İstanbul Girişimci Kadınları Destekleme Derneği Kurucu Başkanı gazeteci Nilgün Ege Karaçuha ve dernek başkan yardımcısı Esengül Güler’in önderliğinde düzenlenen İGKADER Maltepe Buluşması, kadınların cesaretini, emeğini ve vizyonunu aynı sahnede buluşturdu. Bu buluşma, hayallerini gerçeğe dönüştürmeye kararlı kadınların; bilimin, ahlakın ve dayanışmanın ışığında kadınların ve gençlerin geleceğine dair yeniden umut olduğunu gösterdi.

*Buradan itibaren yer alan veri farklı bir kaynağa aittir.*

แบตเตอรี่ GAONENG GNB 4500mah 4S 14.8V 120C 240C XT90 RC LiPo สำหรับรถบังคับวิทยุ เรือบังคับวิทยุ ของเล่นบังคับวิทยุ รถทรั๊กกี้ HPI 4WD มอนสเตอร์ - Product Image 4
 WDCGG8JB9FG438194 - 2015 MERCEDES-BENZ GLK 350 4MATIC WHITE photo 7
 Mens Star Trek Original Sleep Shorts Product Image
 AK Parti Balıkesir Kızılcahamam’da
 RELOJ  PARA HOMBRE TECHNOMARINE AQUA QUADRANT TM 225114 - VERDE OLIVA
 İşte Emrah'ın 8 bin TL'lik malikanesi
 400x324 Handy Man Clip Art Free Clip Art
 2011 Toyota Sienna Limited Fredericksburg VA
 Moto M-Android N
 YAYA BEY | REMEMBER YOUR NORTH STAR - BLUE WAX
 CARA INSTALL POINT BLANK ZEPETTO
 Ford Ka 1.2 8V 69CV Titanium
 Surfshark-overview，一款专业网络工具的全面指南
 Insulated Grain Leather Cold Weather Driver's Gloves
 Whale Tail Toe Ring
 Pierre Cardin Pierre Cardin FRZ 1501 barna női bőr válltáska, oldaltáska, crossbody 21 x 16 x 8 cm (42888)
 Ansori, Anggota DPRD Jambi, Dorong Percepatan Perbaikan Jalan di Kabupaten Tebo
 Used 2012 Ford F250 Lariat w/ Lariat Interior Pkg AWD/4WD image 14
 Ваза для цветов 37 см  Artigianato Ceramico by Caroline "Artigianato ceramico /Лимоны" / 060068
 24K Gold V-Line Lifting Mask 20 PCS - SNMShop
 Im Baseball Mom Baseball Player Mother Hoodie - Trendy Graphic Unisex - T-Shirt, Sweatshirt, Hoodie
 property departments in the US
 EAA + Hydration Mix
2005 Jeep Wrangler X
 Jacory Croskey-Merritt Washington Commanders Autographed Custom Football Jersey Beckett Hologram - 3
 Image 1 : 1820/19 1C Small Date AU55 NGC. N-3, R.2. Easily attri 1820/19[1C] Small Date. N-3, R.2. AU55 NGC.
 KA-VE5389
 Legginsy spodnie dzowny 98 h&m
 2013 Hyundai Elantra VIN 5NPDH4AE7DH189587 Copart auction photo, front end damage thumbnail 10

Hayalleri Gerçeğe Dönüştüren Kadınlar: İGKADER Maltepe Buluşması Umut ve Gücün Aynası Oldu



HABER / ZEYNEP ŞİMŞEK


İstanbul – Maltepe, 11 Ekim 2025

İstanbul Girişimci Kadınları Destekleme Derneği (İGKADER), Maltepe Erzurumlular Vakfı ev sahipliğinde gerçekleştirdiği “Kadınların ve Gençlerin Girişimcilik Yolculuğuna Güç Katacak Buluşmayla'' gercek deneyimleri ve bilimsel perspektifleri aynı sahnede buluşturdu. Program; İGKADER Kurucu Başkanı Nilgün Ege Karaçuha, Maltepe Belediyesi Başkan Yardımcısı Av. Nimet Karabulut, Fatinoğlu Holding Yönetim Kurulu Başkan Vekili Ali Fatinoğlu, Fenerbahçe Üniversitesi Yönetim Bilişim Sistemleri Bölüm Başkanı Prof. Dr. Erdal Şen ve Psikolog–Aile Danışmanı Jasmina Türkoğlu’nun konuşmalarıyla, kadınların ve gençlerin girişimcilik yolculuğuna hem moral hem yol haritası sundu.


“Yolumuz uzun ama yol arkadaşlarımız güçlü’’

Nilgün Ege Karaçuha: “Hayalleri büyütmek, umudu örgütlemek için buradayız.”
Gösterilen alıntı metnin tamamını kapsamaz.